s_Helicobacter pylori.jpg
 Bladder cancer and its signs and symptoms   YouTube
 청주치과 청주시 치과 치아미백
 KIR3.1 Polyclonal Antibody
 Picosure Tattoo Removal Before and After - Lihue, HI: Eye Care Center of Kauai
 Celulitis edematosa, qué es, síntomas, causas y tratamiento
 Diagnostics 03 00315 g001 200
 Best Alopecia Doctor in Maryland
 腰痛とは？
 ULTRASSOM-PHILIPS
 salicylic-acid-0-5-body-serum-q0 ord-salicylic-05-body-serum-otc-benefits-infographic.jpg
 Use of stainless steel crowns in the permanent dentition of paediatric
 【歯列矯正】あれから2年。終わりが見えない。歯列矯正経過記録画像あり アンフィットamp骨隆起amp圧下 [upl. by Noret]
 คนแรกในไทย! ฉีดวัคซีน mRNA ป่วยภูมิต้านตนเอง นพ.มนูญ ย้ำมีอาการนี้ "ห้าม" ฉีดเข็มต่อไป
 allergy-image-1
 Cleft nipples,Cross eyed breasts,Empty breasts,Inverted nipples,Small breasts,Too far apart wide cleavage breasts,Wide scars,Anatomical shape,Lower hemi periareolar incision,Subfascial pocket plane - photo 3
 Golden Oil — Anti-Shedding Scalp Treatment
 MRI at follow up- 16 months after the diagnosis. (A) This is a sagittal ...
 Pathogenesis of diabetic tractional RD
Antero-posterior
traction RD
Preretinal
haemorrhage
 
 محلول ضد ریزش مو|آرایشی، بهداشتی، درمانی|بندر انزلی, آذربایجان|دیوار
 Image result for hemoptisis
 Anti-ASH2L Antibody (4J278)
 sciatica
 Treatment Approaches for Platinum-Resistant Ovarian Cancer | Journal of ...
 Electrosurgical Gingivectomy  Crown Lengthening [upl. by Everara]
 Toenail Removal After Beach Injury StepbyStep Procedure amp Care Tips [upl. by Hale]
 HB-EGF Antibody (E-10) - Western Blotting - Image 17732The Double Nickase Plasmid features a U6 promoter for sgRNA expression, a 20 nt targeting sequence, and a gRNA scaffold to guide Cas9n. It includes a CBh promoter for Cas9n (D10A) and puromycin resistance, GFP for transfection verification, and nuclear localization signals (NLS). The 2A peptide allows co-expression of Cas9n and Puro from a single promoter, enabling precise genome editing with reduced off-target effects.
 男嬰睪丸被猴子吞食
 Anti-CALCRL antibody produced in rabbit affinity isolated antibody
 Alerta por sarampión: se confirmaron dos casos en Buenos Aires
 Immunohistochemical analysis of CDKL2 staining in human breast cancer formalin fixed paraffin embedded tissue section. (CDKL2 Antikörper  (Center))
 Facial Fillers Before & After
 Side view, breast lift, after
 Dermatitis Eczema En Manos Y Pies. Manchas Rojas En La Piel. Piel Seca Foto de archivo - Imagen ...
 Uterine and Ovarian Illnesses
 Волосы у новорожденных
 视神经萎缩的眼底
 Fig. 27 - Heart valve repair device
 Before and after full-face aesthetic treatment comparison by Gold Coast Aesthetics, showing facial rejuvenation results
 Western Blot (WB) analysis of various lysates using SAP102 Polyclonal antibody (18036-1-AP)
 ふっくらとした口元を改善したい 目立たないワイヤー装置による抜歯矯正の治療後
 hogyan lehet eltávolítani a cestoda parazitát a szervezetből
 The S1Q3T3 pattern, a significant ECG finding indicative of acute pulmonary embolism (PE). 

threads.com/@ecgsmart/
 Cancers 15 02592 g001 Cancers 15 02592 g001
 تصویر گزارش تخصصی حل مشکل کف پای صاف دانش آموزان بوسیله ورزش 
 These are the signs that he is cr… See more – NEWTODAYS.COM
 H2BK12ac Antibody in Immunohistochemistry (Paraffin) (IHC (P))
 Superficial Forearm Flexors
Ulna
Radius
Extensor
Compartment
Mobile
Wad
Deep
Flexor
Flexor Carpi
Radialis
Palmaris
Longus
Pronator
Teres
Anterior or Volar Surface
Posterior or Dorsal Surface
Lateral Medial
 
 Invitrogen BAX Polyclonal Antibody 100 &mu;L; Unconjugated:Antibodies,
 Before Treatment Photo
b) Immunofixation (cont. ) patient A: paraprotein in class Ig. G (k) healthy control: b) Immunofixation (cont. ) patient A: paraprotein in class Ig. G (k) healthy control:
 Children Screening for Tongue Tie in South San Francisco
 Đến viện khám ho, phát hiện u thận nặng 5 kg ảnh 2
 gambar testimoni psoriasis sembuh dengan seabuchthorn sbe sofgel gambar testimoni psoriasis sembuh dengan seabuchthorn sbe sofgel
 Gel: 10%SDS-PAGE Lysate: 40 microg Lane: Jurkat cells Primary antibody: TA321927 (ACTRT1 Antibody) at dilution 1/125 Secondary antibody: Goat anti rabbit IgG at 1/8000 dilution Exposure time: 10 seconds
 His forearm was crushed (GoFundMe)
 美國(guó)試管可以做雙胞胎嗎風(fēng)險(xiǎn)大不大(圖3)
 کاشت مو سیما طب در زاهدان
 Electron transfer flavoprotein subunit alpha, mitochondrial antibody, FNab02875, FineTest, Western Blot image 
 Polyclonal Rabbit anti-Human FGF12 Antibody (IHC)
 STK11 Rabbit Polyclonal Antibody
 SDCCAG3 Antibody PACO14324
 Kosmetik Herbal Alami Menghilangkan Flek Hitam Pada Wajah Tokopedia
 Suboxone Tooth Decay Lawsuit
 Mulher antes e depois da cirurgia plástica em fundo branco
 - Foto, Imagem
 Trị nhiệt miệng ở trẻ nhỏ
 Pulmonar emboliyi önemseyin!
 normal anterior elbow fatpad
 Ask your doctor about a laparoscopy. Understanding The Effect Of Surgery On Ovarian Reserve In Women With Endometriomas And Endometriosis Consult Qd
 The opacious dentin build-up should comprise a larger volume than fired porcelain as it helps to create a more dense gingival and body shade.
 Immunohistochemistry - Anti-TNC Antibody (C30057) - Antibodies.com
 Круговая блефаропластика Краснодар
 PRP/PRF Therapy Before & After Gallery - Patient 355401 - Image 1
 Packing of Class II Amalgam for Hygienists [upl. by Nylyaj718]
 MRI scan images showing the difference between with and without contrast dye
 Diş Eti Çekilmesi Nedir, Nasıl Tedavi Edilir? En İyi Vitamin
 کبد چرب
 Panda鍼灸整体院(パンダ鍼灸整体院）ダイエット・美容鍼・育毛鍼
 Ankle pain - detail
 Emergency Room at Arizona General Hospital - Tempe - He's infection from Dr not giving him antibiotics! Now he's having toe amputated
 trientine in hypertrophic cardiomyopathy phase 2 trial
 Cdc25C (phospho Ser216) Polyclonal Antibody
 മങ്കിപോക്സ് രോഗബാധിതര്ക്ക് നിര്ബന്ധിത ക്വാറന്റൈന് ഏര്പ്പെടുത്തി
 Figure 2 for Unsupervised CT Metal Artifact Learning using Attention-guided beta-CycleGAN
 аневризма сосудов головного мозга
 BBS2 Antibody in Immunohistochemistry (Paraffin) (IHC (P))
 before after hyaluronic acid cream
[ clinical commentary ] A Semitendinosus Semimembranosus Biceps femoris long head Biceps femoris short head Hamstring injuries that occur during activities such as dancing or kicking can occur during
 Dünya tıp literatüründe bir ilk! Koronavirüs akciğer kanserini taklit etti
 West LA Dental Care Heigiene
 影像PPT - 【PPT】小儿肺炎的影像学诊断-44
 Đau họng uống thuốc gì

————

• WHAT THE TASK ASKS: Every line of the material that holds "Ovarian" should be copied out as the answer.

• SOLVED EXERCISE:
 Treatment Approaches for Platinum-Resistant Ovarian Cancer | Journal of ...
 Uterine and Ovarian Illnesses
 Ask your doctor about a laparoscopy. Understanding The Effect Of Surgery On Ovarian Reserve In Women With Endometriomas And Endometriosis Consult Qd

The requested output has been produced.